When the cigarette was burnt, Johnnie said--

"Well, I think I shall leave seeing Charlie till breakfast."

And he went to bed. On reaching the first-floor corridor he wished that he had gone to bed half a minute sooner; for in the corridor he encountered Janet, who had risen and was returning to her post; and Janet's face, though she meant it not, was an accusation. Four o'clock had struck.

FIVE.

It was nearly half-past seven before Edwin left the house. In the meantime he had seen Charlie briefly twice, and Janet once, but he had not revisited the sick-room nor seen Hilda again. The boy's condition was scarcely altered; if there was any change, it was for the better.

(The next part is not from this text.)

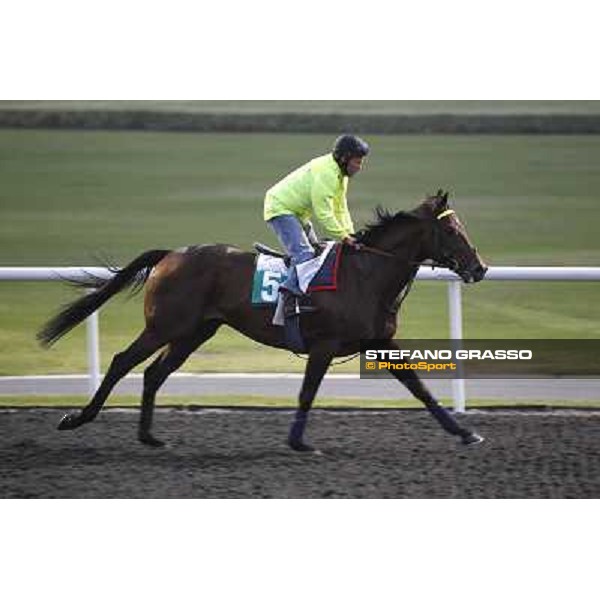 Jakkalberry during morning track works at Meydan Dubai, 28th march 2012 ph.Stefano Grasso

Dawn had broken. The fog was gone, but a faint mist hung in the trees over the damp lawn. The air was piercingly chill. Yawning and glancing idly about him, he perceived a curious object on the dividing wall. It was the candlestick which he had left there on the previous night. The candle was entirely consumed. "I may as well get over the wall," he said to himself, and he scrambled up it with adventurous cheerfulness, and took the candlestick with him; it was covered with drops of moisture. He deposited it in the kitchen, where the servant was cleaning the range. On the oak chest in the hall lay the "Manchester Guardian," freshly arrived. He opened it with another heavy yawn. At the head of one column he read, "Death of the Duke of Clarence," and at the head of another, "Death of Cardinal Manning." The double news shocked him strangely. He thought of what those days had been to others beside himself. And he thought: "Supposing after all the kid doesn't come through?"

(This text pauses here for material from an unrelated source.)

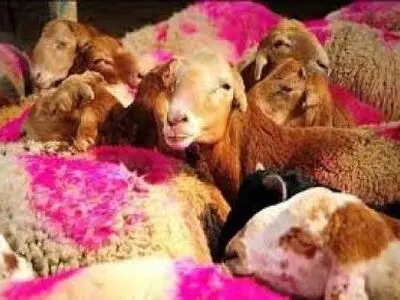 کشف 270 راس احشام قاچاق در طبس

VOLUME FOUR, CHAPTER THIRTEEN.

HER HEART.

After having been to business and breakfasted as usual, Edwin returned to the shop at ten o'clock. He did not feel tired, but his manner was very curt, even with Stifford, and melancholy had taken the place of his joy. The whole town was gloomy, and seemed to savour its gloom luxuriously. But Edwin wondered why he should be melancholy. There was no reason for it. There was less reason for it than there had been for ten years. Yet he was; and, like the town, he found pleasure in his state. He had no real desire to change it. At noon he suddenly went off home, thus upsetting Stifford's arrangements for the dinner-hour.

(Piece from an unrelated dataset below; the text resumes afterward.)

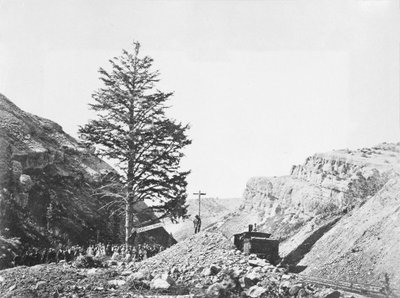 ウィルヘルミナ峠にある千マイルの木。基地には人々のグループがいて、鉄道の隣の木の頂点に一人の男がいます。 作： A.J. Russell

"I shall lie down for a bit," he said to Maggie. He slept till a little after one o'clock, and he could have slept longer, but dinner was ready.

He said to himself, with an extraordinary sense of satisfaction, "I have had a sleep." After dinner he lay down again, and slept till nearly three o'clock. It was with the most agreeable sensations that he awakened. His melancholy was pa.s.sing; it had not entirely gone, but he could foresee the end of it as of an eclipse. He made the discovery that he had only been tired. Now he was somewhat reposed. And as he lay in repose he was aware of an intensified perception of himself as a physical organism. He thought calmly, "What a fine thing life is!"

"I was just going to bring you some tea up," said Maggie, who met him on the stairs as he came down. "I heard you moving. Will you have some?"

He rubbed his eyes. His head seemed still to be distended with sleep, and this was a part of his well-being. "Aye!" he replied, with lazy satisfaction. "That'll just put me right."

"George is much better," said Maggie.